* **EXTRACTED MATERIAL**:
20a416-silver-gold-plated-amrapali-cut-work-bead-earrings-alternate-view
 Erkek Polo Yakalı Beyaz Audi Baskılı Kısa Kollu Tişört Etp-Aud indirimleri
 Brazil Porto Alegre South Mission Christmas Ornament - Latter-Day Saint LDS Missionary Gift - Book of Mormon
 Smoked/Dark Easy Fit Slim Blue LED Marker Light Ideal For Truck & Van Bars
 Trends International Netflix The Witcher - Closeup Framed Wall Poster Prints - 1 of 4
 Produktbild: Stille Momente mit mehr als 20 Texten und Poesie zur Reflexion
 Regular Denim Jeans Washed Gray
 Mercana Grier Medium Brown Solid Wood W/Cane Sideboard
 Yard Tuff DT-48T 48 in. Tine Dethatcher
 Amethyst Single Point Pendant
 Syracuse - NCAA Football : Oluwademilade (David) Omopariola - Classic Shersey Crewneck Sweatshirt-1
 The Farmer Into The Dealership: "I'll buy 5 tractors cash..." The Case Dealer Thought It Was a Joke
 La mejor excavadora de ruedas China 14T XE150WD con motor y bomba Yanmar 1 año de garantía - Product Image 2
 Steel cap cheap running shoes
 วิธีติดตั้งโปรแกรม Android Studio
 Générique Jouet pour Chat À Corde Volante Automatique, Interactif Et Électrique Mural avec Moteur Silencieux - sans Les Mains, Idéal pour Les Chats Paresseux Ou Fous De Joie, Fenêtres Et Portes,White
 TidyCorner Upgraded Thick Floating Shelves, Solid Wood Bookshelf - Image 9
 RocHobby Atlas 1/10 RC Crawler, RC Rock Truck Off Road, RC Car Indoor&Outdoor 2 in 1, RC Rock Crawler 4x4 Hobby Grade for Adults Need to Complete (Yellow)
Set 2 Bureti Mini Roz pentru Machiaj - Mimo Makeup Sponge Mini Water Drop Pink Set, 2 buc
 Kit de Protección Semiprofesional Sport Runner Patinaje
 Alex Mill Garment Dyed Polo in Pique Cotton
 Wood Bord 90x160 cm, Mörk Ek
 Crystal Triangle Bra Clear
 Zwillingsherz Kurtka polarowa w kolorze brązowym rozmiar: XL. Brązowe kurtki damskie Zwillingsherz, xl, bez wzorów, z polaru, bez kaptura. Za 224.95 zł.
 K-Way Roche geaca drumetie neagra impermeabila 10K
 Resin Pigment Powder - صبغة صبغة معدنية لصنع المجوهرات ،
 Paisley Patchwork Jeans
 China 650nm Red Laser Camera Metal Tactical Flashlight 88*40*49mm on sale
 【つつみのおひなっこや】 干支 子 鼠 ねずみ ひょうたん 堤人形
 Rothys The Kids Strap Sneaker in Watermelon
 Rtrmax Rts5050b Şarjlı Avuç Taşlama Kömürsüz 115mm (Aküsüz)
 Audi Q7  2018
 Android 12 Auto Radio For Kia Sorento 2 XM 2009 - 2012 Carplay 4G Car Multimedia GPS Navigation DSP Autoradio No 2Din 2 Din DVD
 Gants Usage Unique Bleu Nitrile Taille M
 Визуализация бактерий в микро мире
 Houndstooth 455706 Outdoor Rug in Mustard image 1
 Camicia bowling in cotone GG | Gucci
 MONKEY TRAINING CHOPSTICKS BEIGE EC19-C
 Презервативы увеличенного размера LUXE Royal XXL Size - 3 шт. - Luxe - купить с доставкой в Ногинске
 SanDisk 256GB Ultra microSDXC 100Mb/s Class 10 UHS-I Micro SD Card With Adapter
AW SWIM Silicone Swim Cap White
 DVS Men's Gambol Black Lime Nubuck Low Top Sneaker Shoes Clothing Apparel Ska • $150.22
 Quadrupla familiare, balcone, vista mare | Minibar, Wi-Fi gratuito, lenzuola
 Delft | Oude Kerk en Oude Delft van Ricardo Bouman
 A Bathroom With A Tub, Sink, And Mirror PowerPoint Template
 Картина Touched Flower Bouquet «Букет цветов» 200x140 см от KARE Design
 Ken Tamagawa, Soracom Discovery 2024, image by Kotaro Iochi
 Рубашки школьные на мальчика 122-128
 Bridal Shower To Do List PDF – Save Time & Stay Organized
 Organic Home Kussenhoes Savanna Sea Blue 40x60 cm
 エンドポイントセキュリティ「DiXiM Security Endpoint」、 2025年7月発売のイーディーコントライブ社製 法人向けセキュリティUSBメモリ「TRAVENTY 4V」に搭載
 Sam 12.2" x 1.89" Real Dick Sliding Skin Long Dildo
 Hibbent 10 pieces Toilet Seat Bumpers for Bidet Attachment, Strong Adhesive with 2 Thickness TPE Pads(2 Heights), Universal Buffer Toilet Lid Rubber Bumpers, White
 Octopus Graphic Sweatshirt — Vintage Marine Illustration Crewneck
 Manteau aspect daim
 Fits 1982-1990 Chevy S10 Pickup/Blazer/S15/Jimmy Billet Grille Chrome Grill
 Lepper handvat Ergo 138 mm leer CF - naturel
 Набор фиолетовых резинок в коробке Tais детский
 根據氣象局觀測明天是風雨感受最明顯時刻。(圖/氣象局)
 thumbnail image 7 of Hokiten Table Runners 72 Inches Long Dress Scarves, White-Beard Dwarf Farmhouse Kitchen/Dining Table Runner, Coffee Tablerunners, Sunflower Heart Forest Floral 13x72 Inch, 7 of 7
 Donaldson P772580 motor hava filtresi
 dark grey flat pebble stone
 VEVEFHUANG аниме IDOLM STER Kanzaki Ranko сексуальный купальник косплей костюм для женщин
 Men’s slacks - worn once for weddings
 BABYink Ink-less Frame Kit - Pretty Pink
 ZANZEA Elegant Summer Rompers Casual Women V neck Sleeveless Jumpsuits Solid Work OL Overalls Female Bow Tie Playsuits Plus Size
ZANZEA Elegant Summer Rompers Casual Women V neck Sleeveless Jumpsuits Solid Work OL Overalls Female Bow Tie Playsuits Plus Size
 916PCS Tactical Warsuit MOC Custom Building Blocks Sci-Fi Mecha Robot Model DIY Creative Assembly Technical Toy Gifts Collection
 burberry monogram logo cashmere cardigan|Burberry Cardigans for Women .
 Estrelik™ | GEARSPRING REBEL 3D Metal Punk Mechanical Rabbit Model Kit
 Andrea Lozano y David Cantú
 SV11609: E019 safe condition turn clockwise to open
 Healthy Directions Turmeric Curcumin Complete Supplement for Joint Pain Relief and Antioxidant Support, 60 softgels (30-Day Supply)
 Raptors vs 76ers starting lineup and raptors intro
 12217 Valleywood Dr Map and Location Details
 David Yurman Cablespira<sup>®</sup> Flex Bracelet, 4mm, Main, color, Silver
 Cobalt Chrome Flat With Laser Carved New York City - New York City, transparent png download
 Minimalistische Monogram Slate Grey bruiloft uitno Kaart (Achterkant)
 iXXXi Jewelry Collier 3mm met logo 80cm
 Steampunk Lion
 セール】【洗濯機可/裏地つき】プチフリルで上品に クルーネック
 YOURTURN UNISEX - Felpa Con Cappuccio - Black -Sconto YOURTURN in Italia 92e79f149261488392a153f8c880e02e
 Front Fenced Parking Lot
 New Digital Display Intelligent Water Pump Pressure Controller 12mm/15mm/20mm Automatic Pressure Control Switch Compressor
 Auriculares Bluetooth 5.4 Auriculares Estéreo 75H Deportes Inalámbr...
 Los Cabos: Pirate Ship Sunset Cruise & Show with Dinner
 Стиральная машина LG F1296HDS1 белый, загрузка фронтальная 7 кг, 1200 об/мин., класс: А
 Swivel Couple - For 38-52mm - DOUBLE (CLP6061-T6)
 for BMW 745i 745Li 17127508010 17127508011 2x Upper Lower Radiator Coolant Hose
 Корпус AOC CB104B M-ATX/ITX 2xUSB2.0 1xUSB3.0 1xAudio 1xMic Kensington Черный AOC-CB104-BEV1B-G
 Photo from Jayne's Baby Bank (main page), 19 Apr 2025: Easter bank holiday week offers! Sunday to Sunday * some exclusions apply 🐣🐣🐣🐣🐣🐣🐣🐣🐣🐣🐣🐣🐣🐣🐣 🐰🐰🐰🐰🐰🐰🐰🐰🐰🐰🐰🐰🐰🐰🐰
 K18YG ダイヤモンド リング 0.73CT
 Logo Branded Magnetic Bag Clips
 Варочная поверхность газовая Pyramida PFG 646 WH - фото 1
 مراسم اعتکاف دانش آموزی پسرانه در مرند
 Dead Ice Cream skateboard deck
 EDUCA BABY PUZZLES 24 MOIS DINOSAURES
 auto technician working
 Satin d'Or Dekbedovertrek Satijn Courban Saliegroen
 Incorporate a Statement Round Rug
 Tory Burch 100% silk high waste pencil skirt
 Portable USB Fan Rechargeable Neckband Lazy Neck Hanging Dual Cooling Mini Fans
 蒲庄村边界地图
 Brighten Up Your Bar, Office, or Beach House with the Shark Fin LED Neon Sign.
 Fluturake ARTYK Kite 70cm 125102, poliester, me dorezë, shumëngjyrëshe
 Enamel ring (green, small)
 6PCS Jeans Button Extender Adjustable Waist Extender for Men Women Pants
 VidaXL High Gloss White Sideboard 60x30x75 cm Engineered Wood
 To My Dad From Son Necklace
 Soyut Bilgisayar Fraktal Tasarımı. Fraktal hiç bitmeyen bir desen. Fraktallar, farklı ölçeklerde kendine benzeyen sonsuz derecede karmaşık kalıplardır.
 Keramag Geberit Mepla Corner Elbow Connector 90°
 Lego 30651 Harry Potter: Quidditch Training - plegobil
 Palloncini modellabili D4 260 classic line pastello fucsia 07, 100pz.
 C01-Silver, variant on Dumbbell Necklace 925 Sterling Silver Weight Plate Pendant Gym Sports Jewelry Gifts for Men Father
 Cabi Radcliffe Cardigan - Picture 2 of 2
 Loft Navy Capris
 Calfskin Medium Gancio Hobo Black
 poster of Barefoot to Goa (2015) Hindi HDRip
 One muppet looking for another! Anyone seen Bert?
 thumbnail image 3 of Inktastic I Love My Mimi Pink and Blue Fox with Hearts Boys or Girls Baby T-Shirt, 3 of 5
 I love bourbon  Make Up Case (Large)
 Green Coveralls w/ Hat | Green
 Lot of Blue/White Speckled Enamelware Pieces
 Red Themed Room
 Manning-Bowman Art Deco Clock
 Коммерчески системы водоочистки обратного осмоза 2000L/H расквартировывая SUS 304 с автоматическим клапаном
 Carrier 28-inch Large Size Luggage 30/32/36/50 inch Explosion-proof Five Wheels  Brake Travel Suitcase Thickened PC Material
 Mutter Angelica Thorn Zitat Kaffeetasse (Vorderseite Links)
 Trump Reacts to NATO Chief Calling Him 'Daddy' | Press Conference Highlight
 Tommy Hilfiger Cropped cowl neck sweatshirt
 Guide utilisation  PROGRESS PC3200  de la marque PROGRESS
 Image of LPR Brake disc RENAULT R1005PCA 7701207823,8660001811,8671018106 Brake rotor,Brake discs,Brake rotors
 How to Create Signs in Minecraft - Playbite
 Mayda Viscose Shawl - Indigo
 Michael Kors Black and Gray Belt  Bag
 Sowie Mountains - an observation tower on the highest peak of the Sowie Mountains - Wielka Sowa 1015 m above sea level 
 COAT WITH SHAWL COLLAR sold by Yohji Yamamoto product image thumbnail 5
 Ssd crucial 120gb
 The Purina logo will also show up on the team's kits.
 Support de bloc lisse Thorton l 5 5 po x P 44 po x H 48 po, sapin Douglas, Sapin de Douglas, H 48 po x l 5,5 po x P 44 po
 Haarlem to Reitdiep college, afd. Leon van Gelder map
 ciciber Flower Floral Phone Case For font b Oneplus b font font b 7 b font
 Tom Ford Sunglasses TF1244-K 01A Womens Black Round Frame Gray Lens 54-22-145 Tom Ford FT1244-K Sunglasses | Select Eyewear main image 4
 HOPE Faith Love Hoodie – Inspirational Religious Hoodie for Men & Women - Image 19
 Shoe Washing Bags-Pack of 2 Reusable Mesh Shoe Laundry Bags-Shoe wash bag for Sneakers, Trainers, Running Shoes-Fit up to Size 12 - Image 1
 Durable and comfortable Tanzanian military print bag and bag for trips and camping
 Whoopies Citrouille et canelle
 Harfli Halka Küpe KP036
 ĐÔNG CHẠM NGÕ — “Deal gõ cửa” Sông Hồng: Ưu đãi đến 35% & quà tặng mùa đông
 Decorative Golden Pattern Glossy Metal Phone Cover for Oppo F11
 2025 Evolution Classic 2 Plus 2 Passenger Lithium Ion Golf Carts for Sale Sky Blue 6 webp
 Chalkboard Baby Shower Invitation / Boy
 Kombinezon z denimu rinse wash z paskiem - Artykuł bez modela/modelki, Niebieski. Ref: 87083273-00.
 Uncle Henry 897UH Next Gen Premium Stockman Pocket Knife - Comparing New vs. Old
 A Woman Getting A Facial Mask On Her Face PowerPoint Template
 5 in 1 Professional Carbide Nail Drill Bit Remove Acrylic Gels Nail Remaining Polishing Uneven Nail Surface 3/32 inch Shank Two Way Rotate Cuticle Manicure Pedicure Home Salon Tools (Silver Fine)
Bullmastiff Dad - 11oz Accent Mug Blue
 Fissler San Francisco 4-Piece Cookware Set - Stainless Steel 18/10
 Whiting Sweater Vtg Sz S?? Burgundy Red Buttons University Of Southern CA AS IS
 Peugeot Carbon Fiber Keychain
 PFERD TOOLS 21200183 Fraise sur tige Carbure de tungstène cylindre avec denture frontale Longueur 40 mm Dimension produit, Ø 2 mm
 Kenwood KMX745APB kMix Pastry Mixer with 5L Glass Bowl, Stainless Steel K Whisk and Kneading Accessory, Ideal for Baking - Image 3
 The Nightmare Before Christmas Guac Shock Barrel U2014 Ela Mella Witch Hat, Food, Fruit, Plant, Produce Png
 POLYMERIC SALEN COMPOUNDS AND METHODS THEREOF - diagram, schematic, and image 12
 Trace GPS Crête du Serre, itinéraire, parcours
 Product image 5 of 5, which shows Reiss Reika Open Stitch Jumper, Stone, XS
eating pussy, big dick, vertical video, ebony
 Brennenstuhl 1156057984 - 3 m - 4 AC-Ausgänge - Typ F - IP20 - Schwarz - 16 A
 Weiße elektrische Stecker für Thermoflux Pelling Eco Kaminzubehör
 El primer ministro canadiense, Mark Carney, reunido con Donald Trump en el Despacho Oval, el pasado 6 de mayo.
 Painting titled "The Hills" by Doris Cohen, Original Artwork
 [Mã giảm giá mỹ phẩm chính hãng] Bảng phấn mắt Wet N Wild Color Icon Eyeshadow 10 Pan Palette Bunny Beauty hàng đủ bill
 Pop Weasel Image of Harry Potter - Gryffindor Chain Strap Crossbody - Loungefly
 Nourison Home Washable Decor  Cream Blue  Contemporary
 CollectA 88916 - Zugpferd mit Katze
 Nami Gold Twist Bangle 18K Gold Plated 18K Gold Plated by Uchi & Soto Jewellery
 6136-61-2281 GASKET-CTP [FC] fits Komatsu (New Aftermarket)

* **TASK ITEM**:
All that belongs in the answer is the run of lines above from the line containing "AW SWIM Silicone Swim Cap White" through the line containing "Fits 1982-1990 Chevy", exactly as written.

* **FINAL ANSWER**:
AW SWIM Silicone Swim Cap White
 DVS Men's Gambol Black Lime Nubuck Low Top Sneaker Shoes Clothing Apparel Ska • $150.22
 Quadrupla familiare, balcone, vista mare | Minibar, Wi-Fi gratuito, lenzuola
 Delft | Oude Kerk en Oude Delft van Ricardo Bouman
 A Bathroom With A Tub, Sink, And Mirror PowerPoint Template
 Картина Touched Flower Bouquet «Букет цветов» 200x140 см от KARE Design
 Ken Tamagawa, Soracom Discovery 2024, image by Kotaro Iochi
 Рубашки школьные на мальчика 122-128
 Bridal Shower To Do List PDF – Save Time & Stay Organized
 Organic Home Kussenhoes Savanna Sea Blue 40x60 cm
 エンドポイントセキュリティ「DiXiM Security Endpoint」、 2025年7月発売のイーディーコントライブ社製 法人向けセキュリティUSBメモリ「TRAVENTY 4V」に搭載
 Sam 12.2" x 1.89" Real Dick Sliding Skin Long Dildo
 Hibbent 10 pieces Toilet Seat Bumpers for Bidet Attachment, Strong Adhesive with 2 Thickness TPE Pads(2 Heights), Universal Buffer Toilet Lid Rubber Bumpers, White
 Octopus Graphic Sweatshirt — Vintage Marine Illustration Crewneck
 Manteau aspect daim
 Fits 1982-1990 Chevy S10 Pickup/Blazer/S15/Jimmy Billet Grille Chrome Grill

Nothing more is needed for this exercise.